Le rapport de plus de 1.000 pages, publié mercredi à l’occasion du quatrième anniversaire de la mort de Mahsa Amini, repose sur 270 témoignages, plus de 2.000 vidéos et de nombreux documents officiels ou judiciaires. Amnesty conclut que la République islamique a mené une « attaque généralisée et systématique » contre une population civile qui réclamait davantage de libertés et la fin du régime théocratique.
Tirs dans la foule et exécutions à bout portant
Selon Amnesty International, les Gardiens de la révolution, la police et les miliciens du Bassidj ont tiré à balles réelles et à la chevrotine métallique sur des rassemblements, poursuivi des manifestants en fuite et abattu à bout portant des personnes non armées.
Des documents ayant fuité font état d’ordres exigeant une réponse « ferme et sévère ». Une instruction demandait même aux forces de sécurité de « répondre sans pitié et d’aller jusqu’à provoquer la mort ».
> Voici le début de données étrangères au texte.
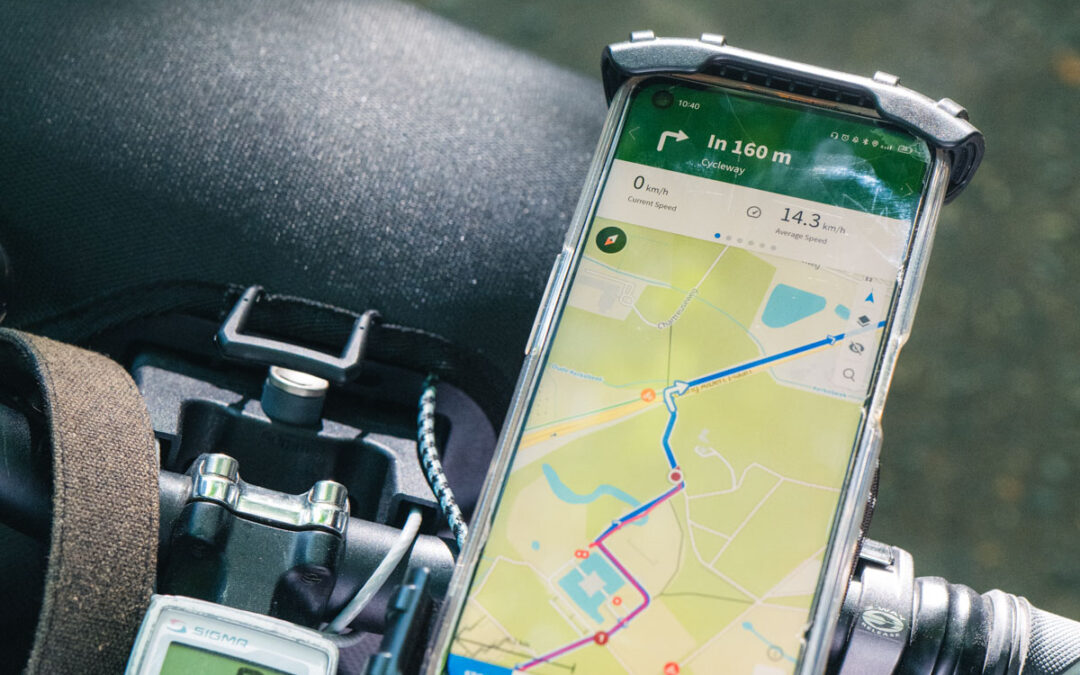 5 Tips for Your First Bicycle Tour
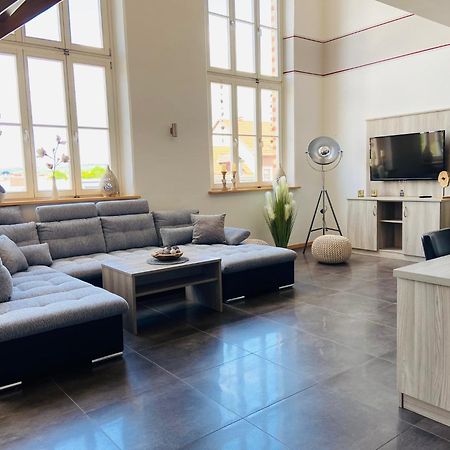 Ferienwohnung Katharinenschule Eisenach Bagian luar foto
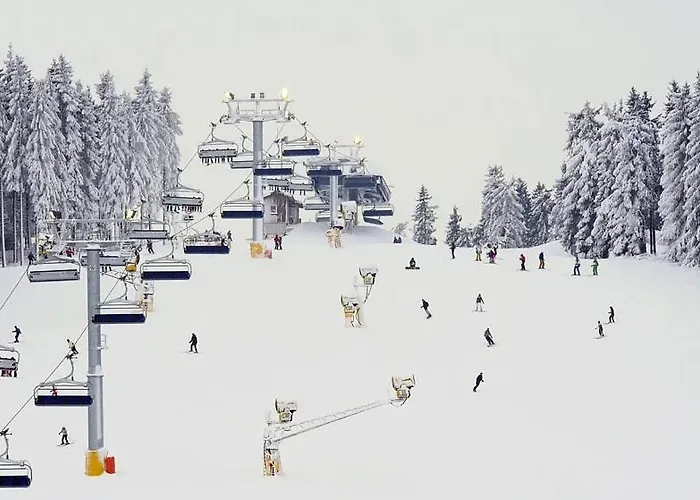 Mit Seeblick — Sport Und Erholung * Winterberg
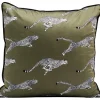Coussin Running Chetahs 45x45cm>KARE Design Outlet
Amnesty a documenté la mort de 377 manifestants et passants, dont 56 enfants. Ce chiffre correspond aux cas que l’organisation a pu établir individuellement et ne constitue donc pas nécessairement le bilan complet de la répression. D’autres organisations de défense des droits humains ont avancé un bilan d’environ 550 morts pour le mouvement de 2022.